From 17b198ae4640b6075ced6f8cd0a304cc6a5c7ff7 Mon Sep 17 00:00:00 2001
From: Pavlo Hilei <pavlo.hilei@shell.com>
Date: Mon, 7 Oct 2024 17:37:16 +0200
Subject: [PATCH] Add possibility to configure dynamic shared memory on CUDA
 backend.

It can be configured via 'sharedMemBytes' field of type int in the kernel properties.
Also example of dynamic shared memory usage is added.
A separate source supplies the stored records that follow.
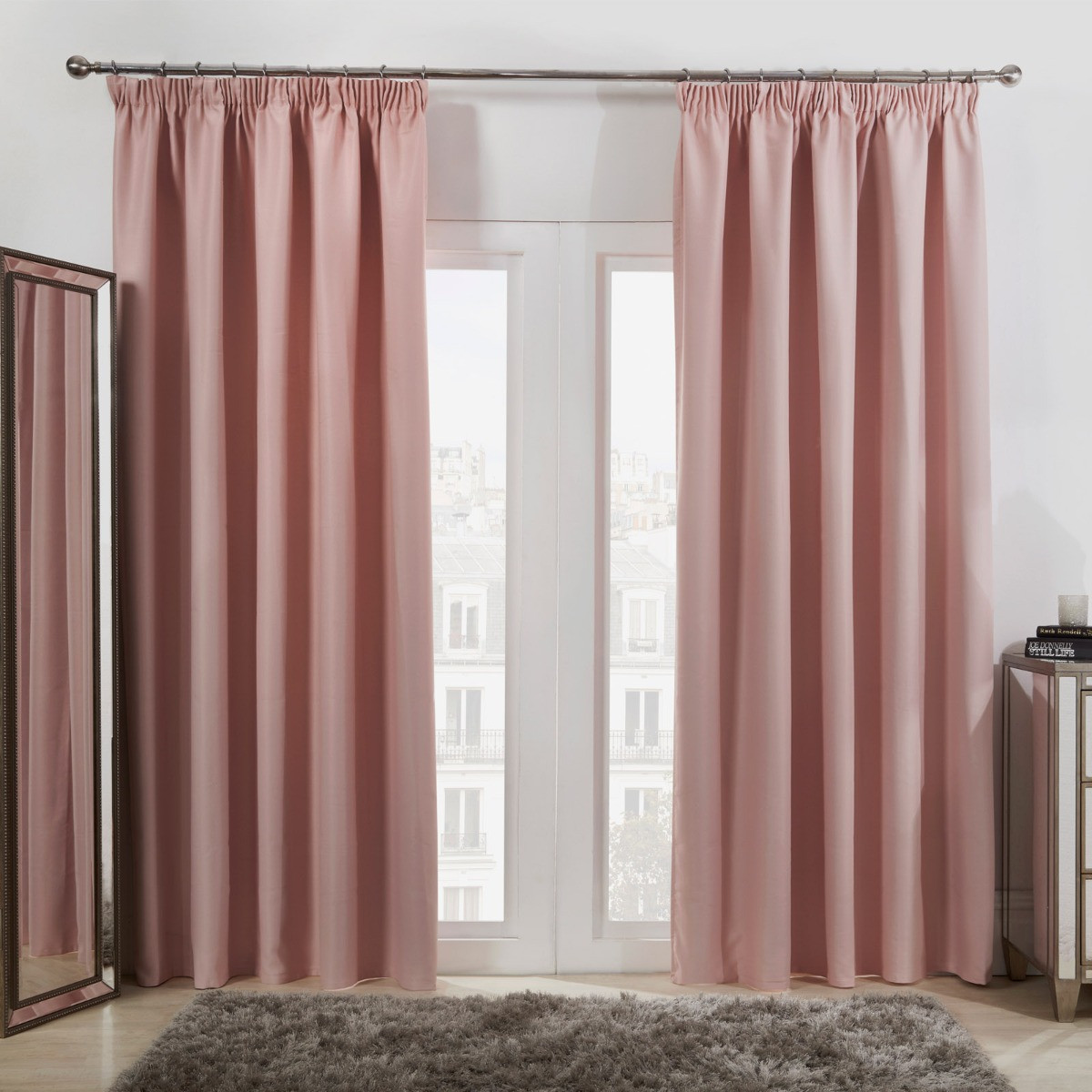 Dreamscene Pencil Pleat Blackout Curtains - Blush Pink, 46" x 54">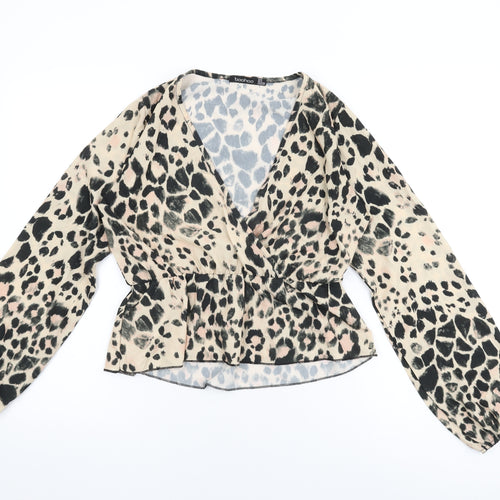 Boohoo Womens Beige Animal Print Polyester Wrap Blouse Size 8 V-Neck - Leopard Print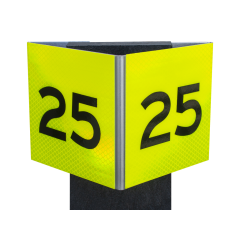 Huisnummerbord 12x12 cm 2 mm groen/fluor/zwart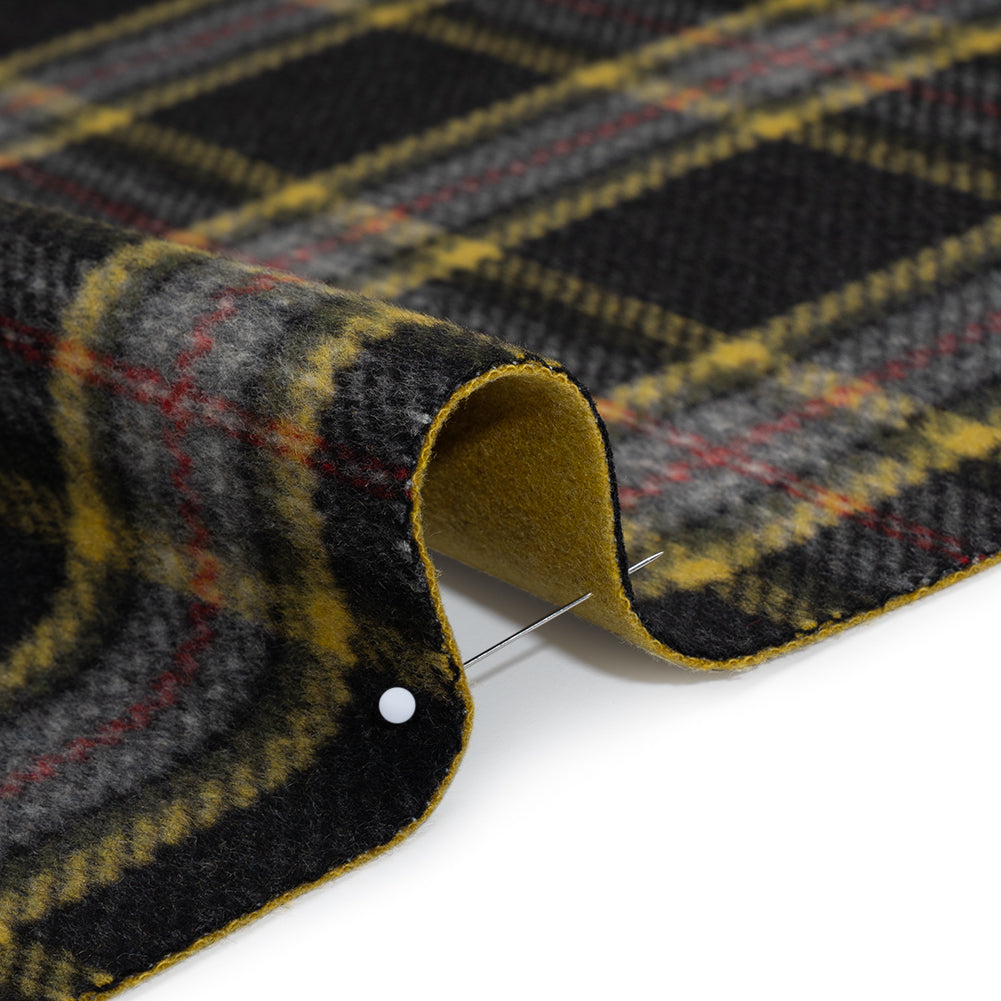 Brushed Wool Blend Double Cloth Coating - Mustard Yellow, Dark Gray and Red Plaid - Deadstock Detail Brushed Wool Blend Double Cloth Coating - Mustard Yellow, Dark Gray and Red Plaid - Deadstock Detail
Note that transpiler doesn't support this feature, so it is usable with only native cuda kernels for now.
---
 .../CMakeLists.txt                            |  7 ++
 .../32_native_cuda_kernels_reduction/Makefile | 26 ++++++
 .../32_native_cuda_kernels_reduction/main.cpp | 84 +++++++++++++++++++
 .../sum_reductiom_dynamic_shm.cu              | 24 ++++++
 examples/cpp/CMakeLists.txt                   |  1 +
 src/occa/internal/modes/cuda/kernel.cpp       | 17 ++--
 src/occa/internal/modes/cuda/kernel.hpp       |  3 +
 src/occa/internal/modes/cuda/polyfill.hpp     | 21 ++++-
 8 files changed, 175 insertions(+), 8 deletions(-)
 create mode 100644 examples/cpp/32_native_cuda_kernels_reduction/CMakeLists.txt
 create mode 100644 examples/cpp/32_native_cuda_kernels_reduction/Makefile
 create mode 100644 examples/cpp/32_native_cuda_kernels_reduction/main.cpp
 create mode 100644 examples/cpp/32_native_cuda_kernels_reduction/sum_reductiom_dynamic_shm.cu
diff --git a/examples/cpp/32_native_cuda_kernels_reduction/CMakeLists.txt b/examples/cpp/32_native_cuda_kernels_reduction/CMakeLists.txt
new file mode 100644
index 000000000..d214fcad5
--- /dev/null
+++ b/examples/cpp/32_native_cuda_kernels_reduction/CMakeLists.txt
@@ -0,0 +1,7 @@
+if (WITH_CUDA)
+  compile_cpp_example(native_cuda_kernels_reduction main.cpp)
+
+  add_custom_target(cpp_example_native_cuda_kernels_reduction_dynamic_shm_cu ALL COMMAND ${CMAKE_COMMAND} -E copy ${CMAKE_CURRENT_SOURCE_DIR}/sum_reductiom_dynamic_shm.cu sum_reductiom_dynamic_shm.cu)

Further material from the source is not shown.